ANNAPOLIS – Special funds become a tempting target for the chief executive when a budget shortfall looms, but now some Maryland lawmakers want to make the governor lay out a repayment plan whenever such funds are raided.
A bill introduced in the House of Delegates Wednesday would require the governor to submit a repayment plan with a specific time frame to replenish the state’s special funds each time he dips into them. The rule would only apply to transfers of either $1 million or 10 percent of the fund, whichever is greater.
Special funds, also known as dedicated funds, are usually established in the state’s operating budget for certain areas of service, such as transportation and park maintenance.
“You can only raid these funds for so long, and then the chickens come home to roost,” said Delegate John R. Leopold, R-Anne Arundel, the bill’s primary sponsor. “These needed improvements are not provided for. As a stop-gap, it’s acceptable, but not as a long-term strategy.”

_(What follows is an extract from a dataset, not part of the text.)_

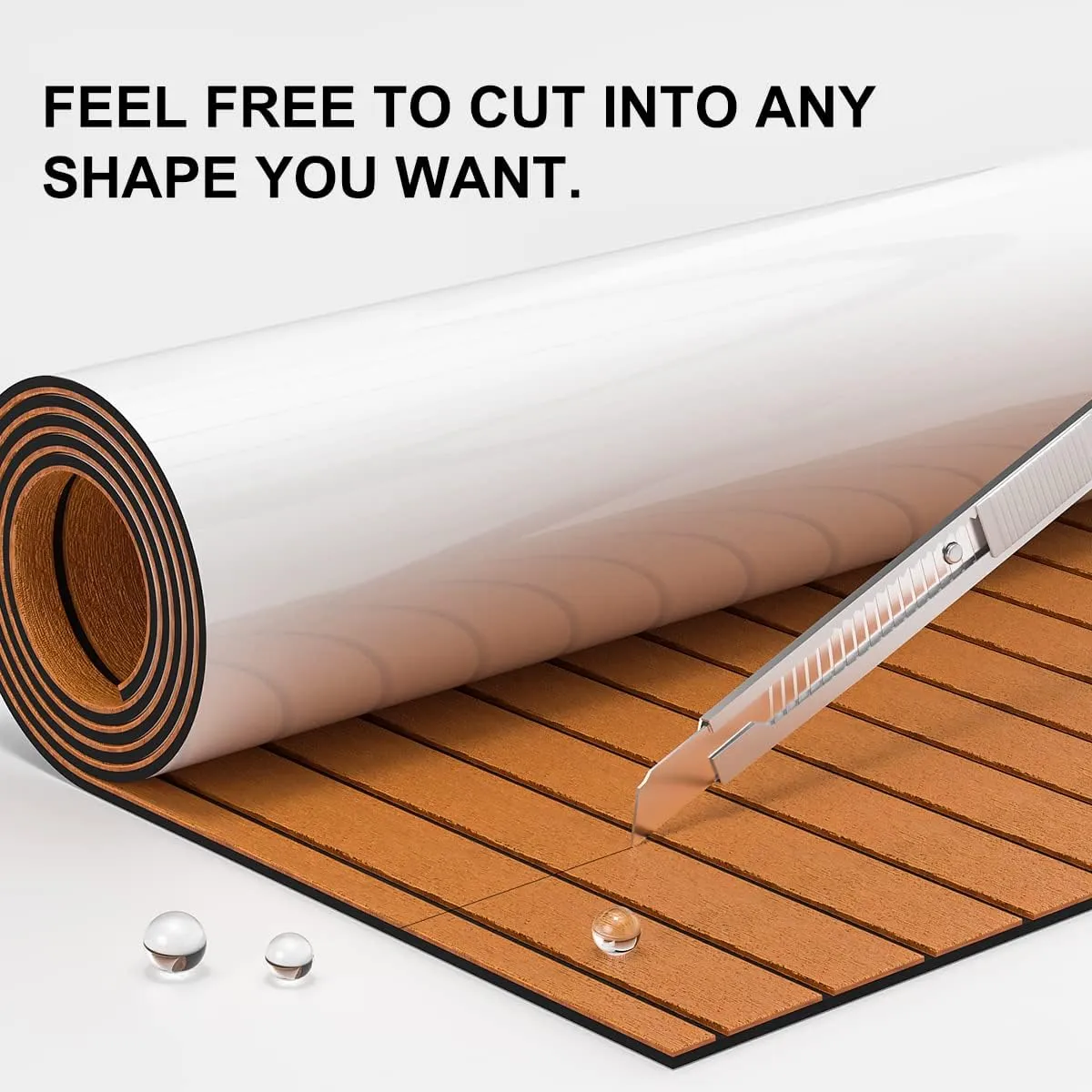 WOOWAVE EVA Foam Boat Flooring Decking Sheet Marine Mat Non-Slip and Self-Adhesive Flooring for Motorboat RV Yacht Kayak Swimming Pool Sea Deck Pad, 94.5x31.5 inch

In 2003, Gov. Robert Ehrlich diverted $300 million from the Transportation Trust Fund to balance the state budget. Last year, he announced that the fund would be replenished through increases in vehicle-registration fees and fines for certain traffic violations.
Ehrlich’s predecessor, Gov. Parris Glendening, similarly transferred money out of the transportation fund.
Henry Fawell, a spokesman for Ehrlich, would not comment on the bill because it hasn’t been approved by either legislative chamber.
As for the Transportation Trust Fund, Fawell said the governor was under constitutional obligation to balance the budget. Ehrlich chose to use the trust fund rather than renege on his campaign promise not to raise taxes.
Leopold proposed a constitutional amendment that would have allowed transfers out of the trust fund only in an emergency and then would have required the governor to repay the Transportation Trust Fund within five years. The proposal went nowhere.
Leopold now acknowledges that a constitutional amendment would have been too restrictive. But he says the proposal’s scope — the Transportation Trust Fund — was too narrow and that a new law encompassing all special funds is necessary.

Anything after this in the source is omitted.